International mediators in the Darfur conflict in Sudan are making a final push for parties to meet Sunday's deadline for a peace agreement.
The Khartoum government says it will sign, but African Union negotiators at talks in Nigeria are struggling to overcome reservations by rebel groups.
The deal calls for pro-government Arab militias to be disarmed, and rebel fighters merged into Sudan's forces.
The details emerged as the top UN human rights official was set to visit Sudan.
Louise Arbour, the United Nations High Commissioner for Human Rights, will spend six days in the country - a visit that will take in Darfur.
About 200,000 people have died and some two million have been left homeless since the conflict began in the province in 2003.
Late on Saturday a spokesman for the Khartoum delegation said: "The government is prepared to sign the document even with our reservations."
He added that the reservations were "important but they are not as important as to spoil the peace process".

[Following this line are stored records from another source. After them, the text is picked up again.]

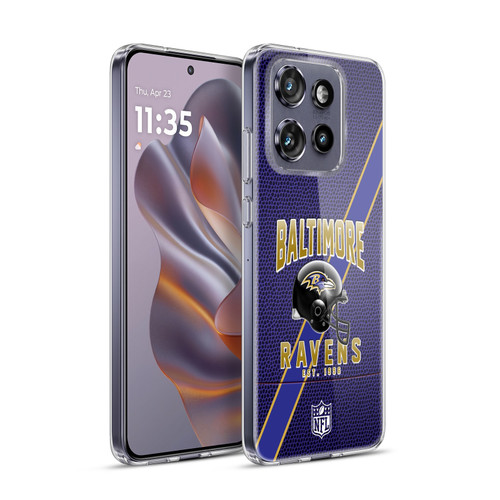 NFL Baltimore Ravens Logo Art Football Stripes Soft Gel Case for Motorola Edge 50 Neo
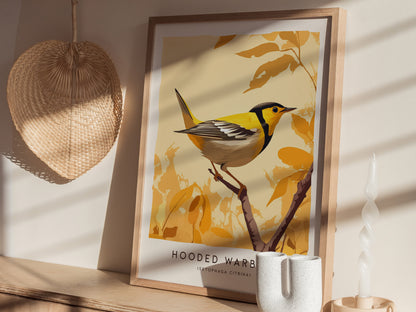 Hooded Warbler Poster | Modern Bird Wall Art Decor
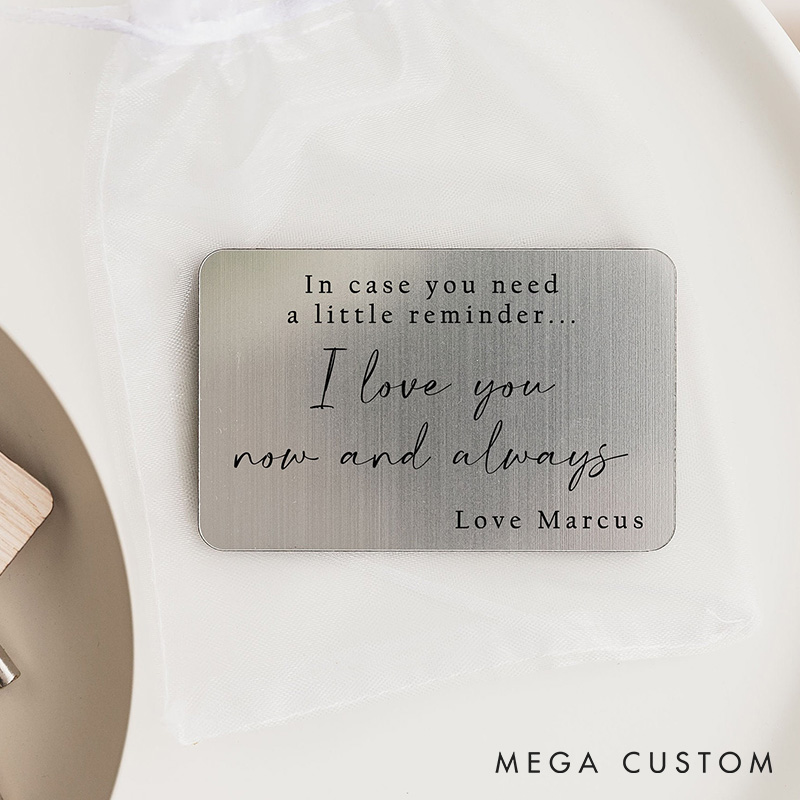 Personalised Wallet Insert Engraved Gift for Him Valentine’s Day Gift for Husband Birthday Gift Partner Boyfriend Husband Hubby Gift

Senior envoys from the UN and the African Union (AU) have been holding talks with the rebels, "as part of intensive efforts to convince the parties to sign the peace agreement", AU spokesman Noureddine Mezni told AFP.

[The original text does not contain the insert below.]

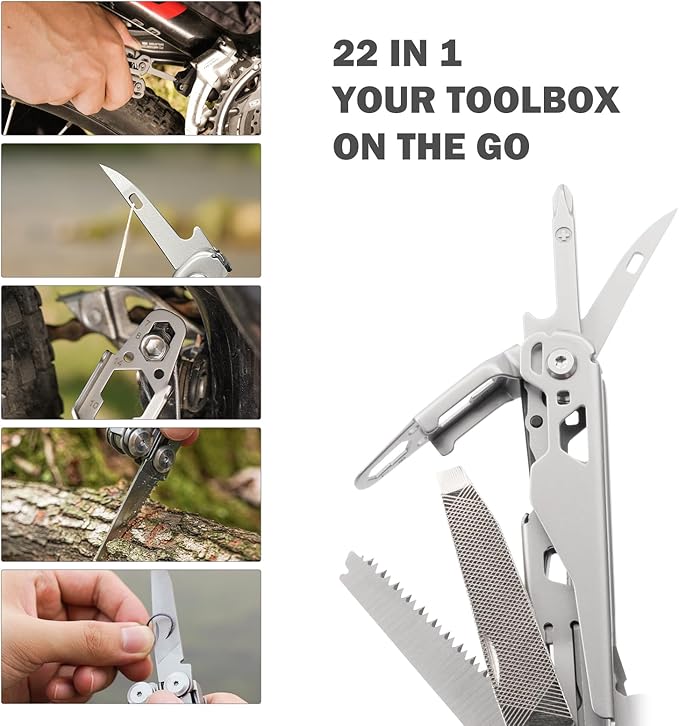 Multitool Stainless Steel Multi-Tool Pliers 22-in-1 with Safety Locking, Pocket Knife, Bottle Opener, EDC Equipment With Pocket Clip for Survival, Camping, Hunting and Hiking.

Top AU mediator Salim Ahmed Salim said the deal could not be changed.
"We have done everything that is possible to make an agreement possible," he said.
"We told the parties that as far the mediation is concerned this is the best we can do in the circumstances."

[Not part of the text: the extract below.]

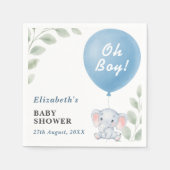 Oh Boy Elephant Balloon Eucalyptus Baby Shower Serviette (Vorderseite)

The peace deal, hammered out over many months, aims to end what Darfur rebels say is long-standing neglect of the province by the Khartoum government.
The 85-page draft calls for a one-off transfer of $300m to Darfur, with $200m a year for the region thereafter.
It also contains proposals for power-sharing, disarming Arab Janjaweed militias and integrating rebels into the armed forces.
Rebels leaders have expressed reservations - with some reportedly demanding the Sudanese vice-presidency.
There are also concerns over the way rebel forces are due to be merged into army units.
Rebel spokesman Ahmed Tugod told AFP that the two guerrilla groups would agree on a common position and present it AU mediators.
The AU - which has 7,000 peacekeepers in Darfur - has struggled to stop the violence between the rebels and the government-backed Janjaweed militias.
The UN envoy in Sudan, Jan Pronk, says 400 people are now being killed each month in the fighting - double the number that it was a few months ago.
In the United States, protests are planned in several cities over the weekend to increase pressure on the Sudanese government.
On Friday, US President George W Bush endorsed the rallies, saying "genocide" in Sudan was unacceptable.
"I want the Sudanese government to understand the United States of America is serious about solving this problem," he said.
"We expect the Sudanese government... to make a more concerted effort to control the Janjaweed and protect human life."